The high pressure turbine (HPT) blade is one engine component that
directly experiences severe engine conditions. Turbine blades are
thus designed and manufactured to perform under repeated cycles of
high stress and high temperature. An economic consequence of such a
design criteria is that currently used turbine blades can be quite
expensive. It is thus highly desirable to maintain turbine blades
in service for as long as possible, and to return worn turbine
blades to service, if possible, through acceptable repair
procedures.
Turbine blades used in modern gas turbine engines are frequently
castings from a class of materials known as superalloys. The
superalloys include nickel-, cobalt- and iron-based alloys. In the
cast form, turbine blades made from superalloys include many
desirable elevated-temperature properties such as high strength and
good environment resistance. Advantageously, the strength displayed
by this material remains present even under stressful conditions,
such as high temperature and high pressure, that are experienced
during engine operation.
While the superalloys exhibit superior mechanical properties under
high temperature and pressure conditions, they are subject to
attack by chemical degradation. The gases at high temperature and
pressure in the turbine engine can lead to hot corrosion and
oxidation of the exposed superalloy substrates in turbine blades.
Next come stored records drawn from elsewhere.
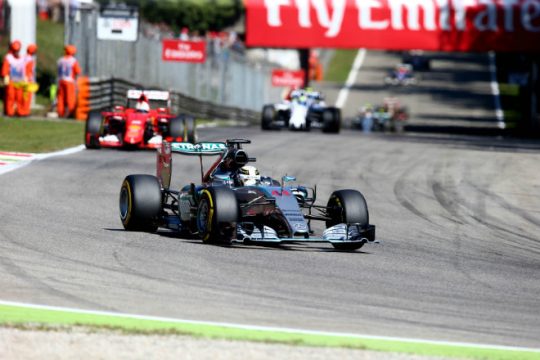 Νέα νίκη για τον Χάμιλτον στη Formula 1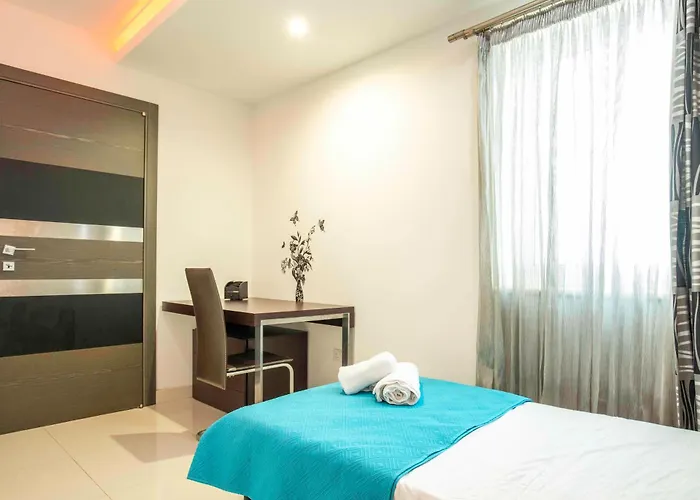 Oceanfront 3br Penthouse Luxury & Views In Appartement Sliema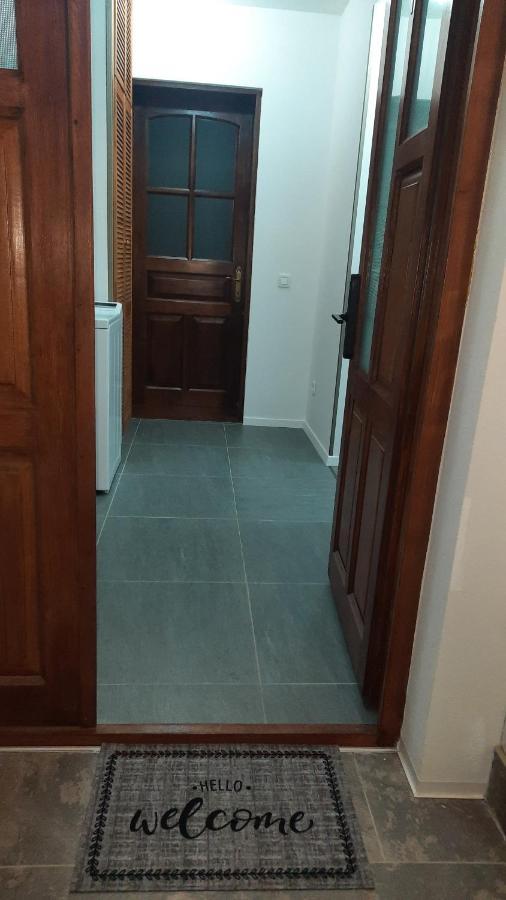House Side By Side Apartment Brasov Luaran gambar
Those turbine blades at the high pressure stages following the
combustion stage of a gas turbine engine are particularly subject
to this kind of erosion, and the portion of a turbine blade at the
blade tip is even more subject to corrosion and oxidation as this
area of the blade also experiences high pressure and temperature.
Blade tips are also potential wear points. Corrosion and oxidation
are both undesirable in that these processes can lead to the
gradual erosion of blade tip material, which affects the
dimensional characteristic of the blade as well as physical
integrity. In order to protect superalloy turbine blades, a coating
may be placed on both the airfoil surfaces, and the blade tip, to
act as a barrier between the engine environment and the substrate
material.
Among other materials, conventional MCrAlY coatings have been used
as one kind of coating on turbine blades to resist corrosion and
oxidation. In the conventional formulation of MCrAlY, M represents
one of the metals Ni, Co, or Fe or alloys thereof. Cr, Al, and Y
are the chemical symbols for Chromium, Aluminum, and Yttrium. Some
conventional MCrAlY formulations are discussed in the following
U.S. Pat. Nos. 4,532,191; 4,246,323; and 3,676,085. Families of
MCrAlY compositions are built around the Nickel, Cobalt, or Iron
constituents. Thus the literature speaks of NiCrAlY, NiCoCrAlY,
CoCrAlY, CoNiCrAlY, and so on. Nevertheless there is a need to
further improve MCrAlY formulations. It would be desired to develop
modified MCrAlY formulations that impart improved corrosion and
environmental resistance on engine components.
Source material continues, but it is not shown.